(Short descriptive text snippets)
-- Opening Marker --

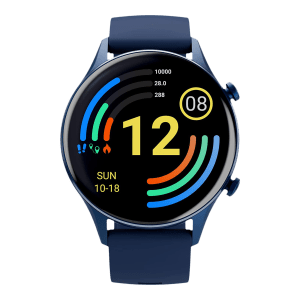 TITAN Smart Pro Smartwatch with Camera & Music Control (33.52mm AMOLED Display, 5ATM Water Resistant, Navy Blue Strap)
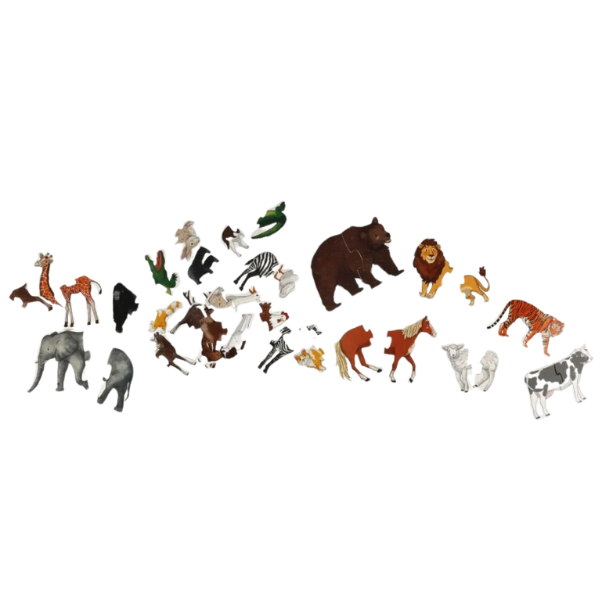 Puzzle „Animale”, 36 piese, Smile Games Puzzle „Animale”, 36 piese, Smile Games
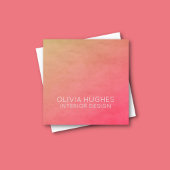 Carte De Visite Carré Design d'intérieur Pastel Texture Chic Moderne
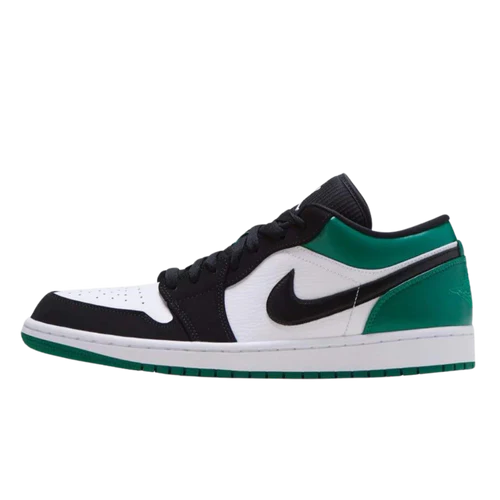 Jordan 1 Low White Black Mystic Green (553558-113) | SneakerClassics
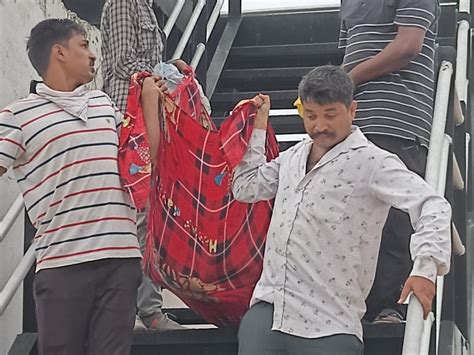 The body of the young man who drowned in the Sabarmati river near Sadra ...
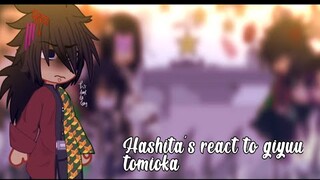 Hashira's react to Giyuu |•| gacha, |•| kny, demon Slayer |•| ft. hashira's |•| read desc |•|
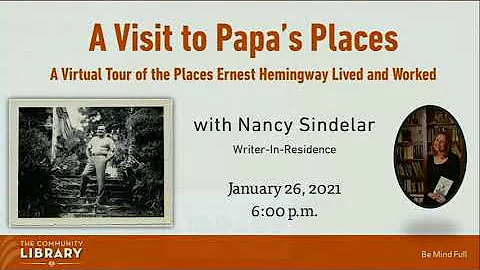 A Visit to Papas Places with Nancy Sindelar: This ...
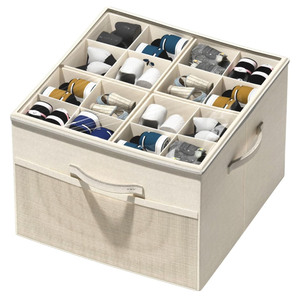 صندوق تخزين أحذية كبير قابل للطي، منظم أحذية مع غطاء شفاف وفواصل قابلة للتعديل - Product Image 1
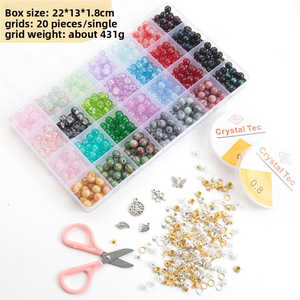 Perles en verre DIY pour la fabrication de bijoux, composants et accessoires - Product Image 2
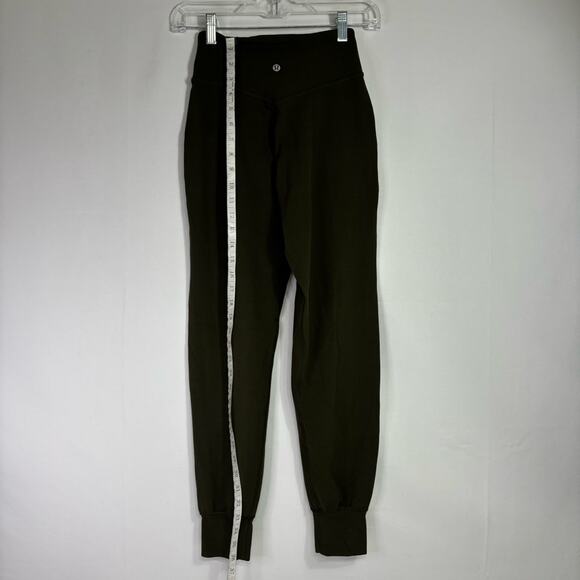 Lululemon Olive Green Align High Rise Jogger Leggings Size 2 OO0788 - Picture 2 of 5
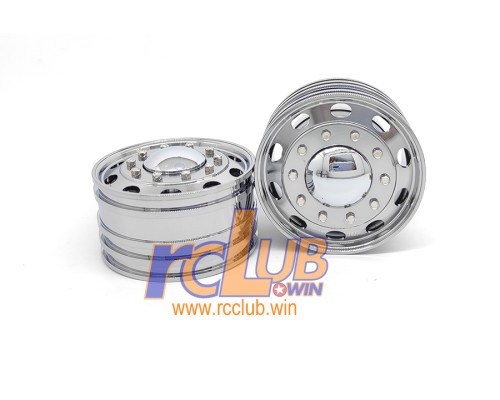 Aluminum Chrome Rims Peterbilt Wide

-- Closing Marker --

# Task directions:
An exact copy is needed. It runs from the line above containing "The body of" down to the line containing "A Visit to Papas", both included, with no pictures.

# Written answer:
 The body of the young man who drowned in the Sabarmati river near Sadra ...
 Hashira's react to Giyuu |•| gacha, |•| kny, demon Slayer |•| ft. hashira's |•| read desc |•|
 A Visit to Papas Places with Nancy Sindelar: This ...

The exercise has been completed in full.